#### [DATA PROVIDED]
▬▬▬▬▬▬▬▬▬▬

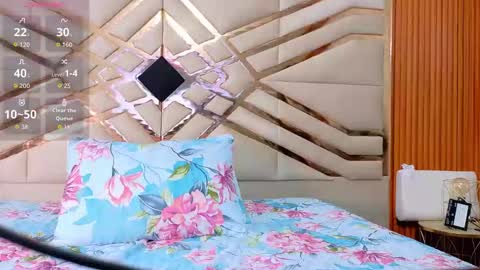 Snapshot of thin_eva chatting on February 2026 12:56:01 PM Eva online show from February 2026 12:56:01 PM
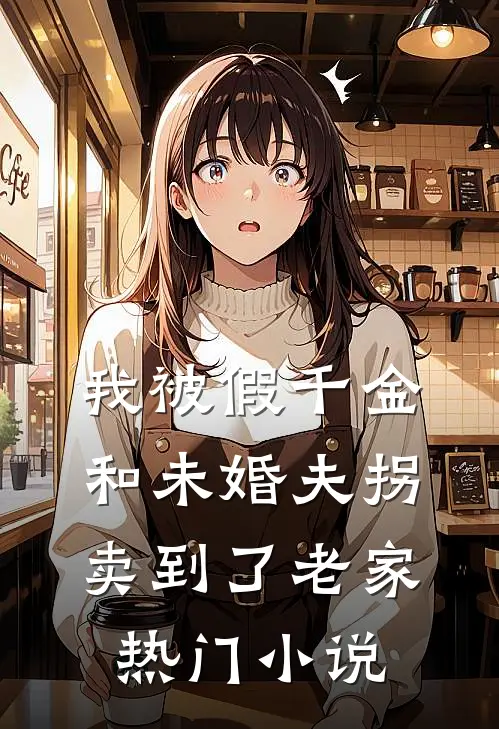 我被假千金和未婚夫拐卖到了老家热门小说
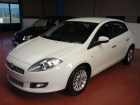 FIAT BRAVO  1.4 MULTIAIR EMOTION - mejor precio | unprecio.es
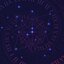Numerology Gaming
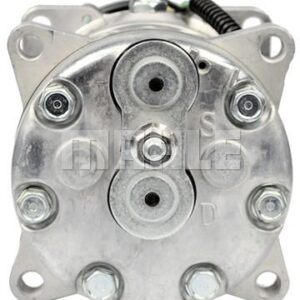 AIR  COMPRESSOR  ΣΥΣΤΗΜΑ  ΚΛΙΜΑΤΣΙΜΟΥ  MAHLE  ACP-1127-000S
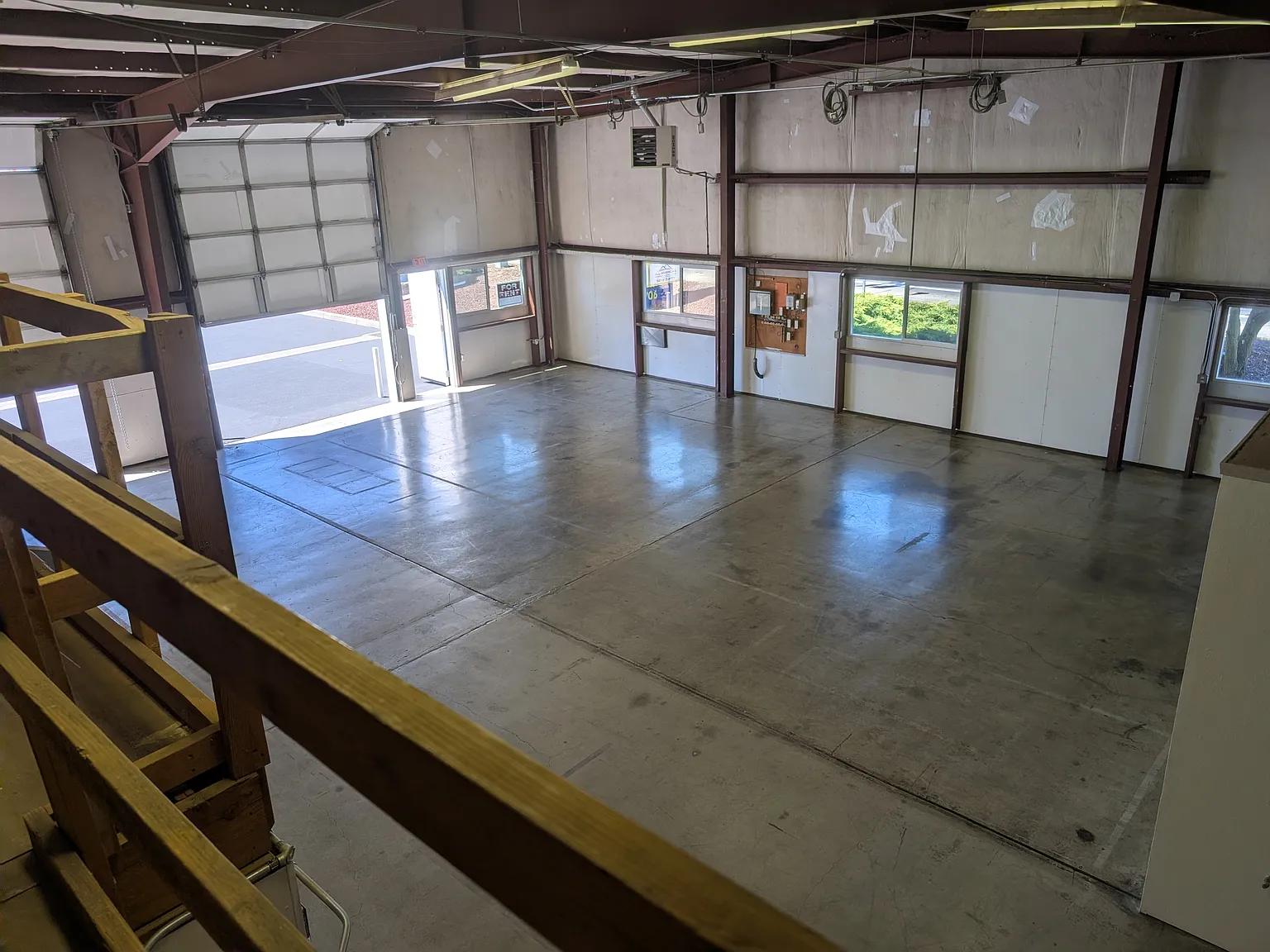4706 Table Rock Rd — Photo 4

▬▬▬▬▬▬▬▬▬▬

#### [REQUIRED WORK]
Transcribe all of the entries word for word, but skip any pictures they contain.

#### [TASK OUTPUT]
 Snapshot of thin_eva chatting on February 2026 12:56:01 PM Eva online show from February 2026 12:56:01 PM
 我被假千金和未婚夫拐卖到了老家热门小说
 FIAT BRAVO  1.4 MULTIAIR EMOTION - mejor precio | unprecio.es
Numerology Gaming
 AIR  COMPRESSOR  ΣΥΣΤΗΜΑ  ΚΛΙΜΑΤΣΙΜΟΥ  MAHLE  ACP-1127-000S
4706 Table Rock Rd — Photo 4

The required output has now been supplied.